In personal lines, the competitive nature of the market, characterized by the availability of similar products from a number of insurers, is evident from survey responses. In particular, personal lines insurers are concerned that they are competitively aligned with their industry peers because the market makes it imperative to match competitors with comparable products and attractive prices.

In commercial lines, insurers have been slower to adopt predictive modelling, and as a result, respondents said there is less competitive pressure to use predictive modelling applications for risk selection and pricing in their main lines of business. Survey responses indicate Canadian insurers have been somewhat less active than U.S. insurers in commercial lines.

TOP- AND BOTTOM-LINE RESULTS

Canadian insurers have experienced greater top-line impacts than their U.S. counterparts, with U.S. insurers reporting greater profitability improvements. The survey findings offer a general sense of where Canadian and U.S. insurers are benefiting most. Insurers on both sides of the border agree that rate accuracy and loss ratios are improved.

With regard to claim applications, the survey found that applying predictive modelling to claims continues to lag risk selection and pricing, but activity continues to grow in the area, particularly among larger insurers.

In addition, U.S. insurers have been more aggressive than Canadian insurers across all claim-related applications.

The survey findings suggest there are significant opportunities for Canadian insurers, small U.S. insurers (and all other insurers, for that matter) to implement operational changes focused on improvements to the bottom line by applying predictive modelling and data-driven analytics to advance claim performance, given that the claim function is where most of the premium dollars exit the organization.

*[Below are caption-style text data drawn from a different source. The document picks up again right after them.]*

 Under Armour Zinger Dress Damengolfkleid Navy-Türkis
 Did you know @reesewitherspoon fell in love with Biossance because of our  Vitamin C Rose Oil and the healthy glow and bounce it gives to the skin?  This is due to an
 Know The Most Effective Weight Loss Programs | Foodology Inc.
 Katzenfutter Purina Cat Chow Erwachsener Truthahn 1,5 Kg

PRICE INTEGRATION AND OPTIMIZATION

While many insurers are not currently using price integration (i.e., bringing together customer behaviour, competitor and loss cost models to derive key business metrics, such as profit and volume, to test the impact of different rate scenarios) or price optimization (i.e., the application of a mathematical search algorithm to a price integration framework, aiming to identify the rates that maximize business metrics), they increasingly plan to do so.

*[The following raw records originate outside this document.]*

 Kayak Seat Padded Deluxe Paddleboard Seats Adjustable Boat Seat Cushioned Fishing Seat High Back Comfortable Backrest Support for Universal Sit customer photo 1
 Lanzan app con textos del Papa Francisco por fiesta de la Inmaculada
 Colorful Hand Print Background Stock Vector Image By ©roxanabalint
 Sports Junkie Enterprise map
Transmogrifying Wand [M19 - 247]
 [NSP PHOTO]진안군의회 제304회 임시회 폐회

Survey findings suggest that some lines may not be ripe for these techniques.

This is either because the data are lacking (price information is hard to collect or risk level modelling is not a viable option) or because companies have not prioritized price integration and, ultimately, price optimization to enhance performance while reflecting specific business goals.

Survey findings further suggest that some polled companies do not fully understand the benefits associated with price integration and price optimization, including how they are, ultimately, a means to measure and enhance customer value, and how those findings can be factored into everythi ng from pricing to targeted new business marketing and portfolio defence.

THE ROLE OF DATA

As the sophistication and power of applying predictive models and data-driven analytics have increased, insurers continue to jockey for position, looking for the next predictor variable or interaction that will give them an edge over competitors. A majority of insurers continue to explore new internal and external data in an effort to improve the predictive power of their models. In addition, commercial lines insurers stress external risk-specific or sociodemographic data, while personal lines insurers tend to look for more variable interactions to strengthen their models.

Personal lines insurers are much more likely to apply predictive modelling in the form of rating plan adjustments by creating or revising rating/tier variables and relativities, while standard commercial lines insurers balance pricing and risk selection responses.

In particular, while a majority of commercial lines insurers also use predictive modelling to create or revise rating/tier variables and relativities, a much larger number also use predictive modelling to revise underwriting rules, including acceptance/rejection criteria and company placement.

These efforts need to continue – and insurers need to take it a step further and develop a more comprehensive, strategized and aggressive approach to predictive modelling implementation.